Essencialmente neste sentido, podem ver-se, entre muitos, os seguintes acórdãos do Supremo Tribunal Administrativo: de 4-11-1998, processo n.º 40618; de 10-3-1999, processo n.º 32796; de 6-6-1999, processo n.º 42142; de 9-2-2000, processo n.º 44018; de 28-3-2000, processo n.º 29197; de 16-3-2001, do Pleno, processo n.º 40618; de 14-11-2001, processo n.º 39559; de 18-12-2002, processo n.º 48366.

2(  ) ALBERTO XAVIER, Direito Tributário Internacional, 2.ª edição, página 326.

3(  ) Autor e Obra Citados.

4(  ) Neste sentido, pode ver-se o acórdão do Supremo Tribunal Administrativo no acórdão de 7-5-2008, processo n.º 0200/08, cuja jurisprudência veio a ser seguida nos acórdãos de 21-5-2008, processo n.º 0191/08, e de 24-9-2008, processo n.º 0199/08.

Naquele primeiro aresto refere-se que esse conceito de estabelecimento estável adotado no CIRC é transponível para o IVA, apesar de não haver uma norma que o defina, dizendo-se o seguinte:

 

Mas, há várias disposições do CIVA que aludem a «sujeitos passivos», «transmitentes», «adquirentes» e «prestadores» referindo-se à circunstância de eles disporem ou não de estabelecimento estável em território nacional [arts. 2.º, n.º 1, alíneas g) e h), 6.º, n.ºs 4, 6, 8, 9, 10, alínea b), e 22 alíneas a), b) e c), 29.º, n.ºs 1 e 2, e 35.º, n.ºs 9 e 12, 52.º, n.ºs 3, 5 e 6, e 70.º, n.ºs 3 e 4, e 84.º, n.º 2] que revelam claramente que o «sujeito passivo», «transmitente», «adquirente» ou «prestador» não é o próprio estabelecimento estável.
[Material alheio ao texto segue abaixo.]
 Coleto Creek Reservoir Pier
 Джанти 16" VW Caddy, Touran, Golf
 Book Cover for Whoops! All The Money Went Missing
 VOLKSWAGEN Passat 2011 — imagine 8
À mesma conclusão se chega à face do art. 9.º, n.º 1, da Sexta Diretiva, que, ao referir o lugar onde o prestador dos serviços tenha a sede da sua atividade económica ou um estabelecimento estável a partir do qual os serviços são prestados ou, na falta de sede ou de estabelecimento estável, o lugar do seu domicílio ou da sua residência habitual, inequivocamente deixa perceber que o prestador é a pessoa singular ou coletiva detentora do estabelecimento estável e não este.
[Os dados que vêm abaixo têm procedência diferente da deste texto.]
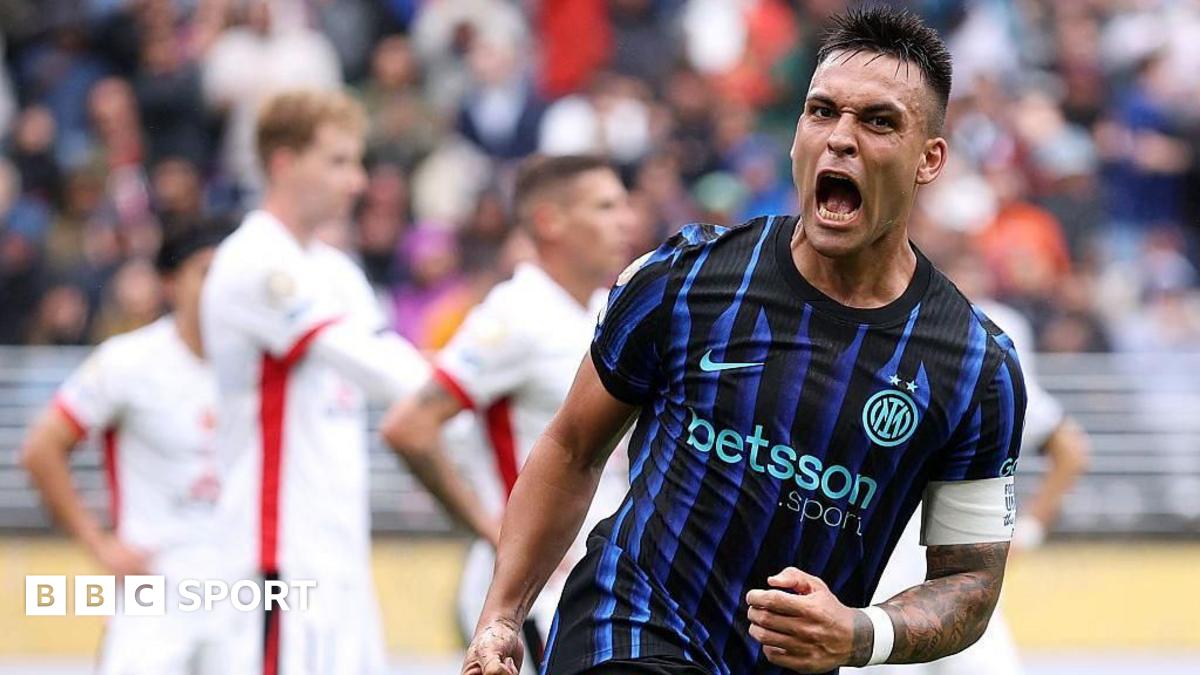 Inter Milan, Dortmund Win Club World Cup Matches in Seattle, Cincinnati
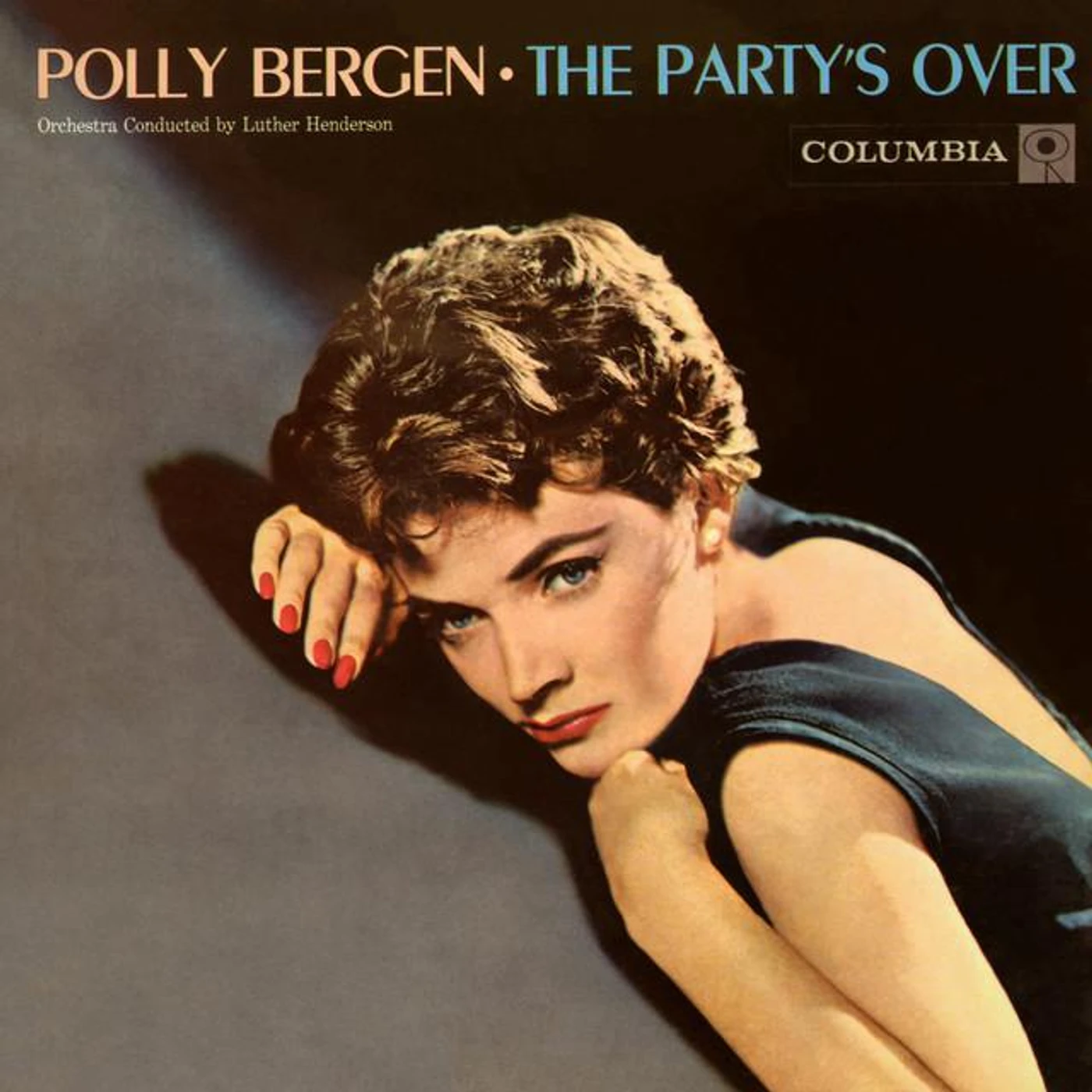 Polly Bergen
5(  ) A Requerente poderia, eventualmente, ser notificada da liquidação enquanto representante da sociedade, mas nunca enquanto sujeito passivo. Isto porque, a ser pensável uma responsabilidade solidária da requerente enquanto gestora dos bens da sociedade panamiana, esta só seria onerada com essa responsabilidade se não existisse estabelecimento estável, como decorre do n.º 1 do artigo 27.º da Lei Geral Tributária, o que não corresponde ao que sustenta a Autoridade Tributária e Aduaneira.

6(  ) Refere a Autoridade Tributária e Aduaneira que a página informática da B…, http://www. ... .com) esta «qualifica-se como sendo um armador especializado, que se dedica ao tráfego marítimo entre Portugal/Espanha e Angola», «não tem qualquer contacto ou domicílio, a não ser dois contactos da …», «ambos com endereço de correio electrónico da …».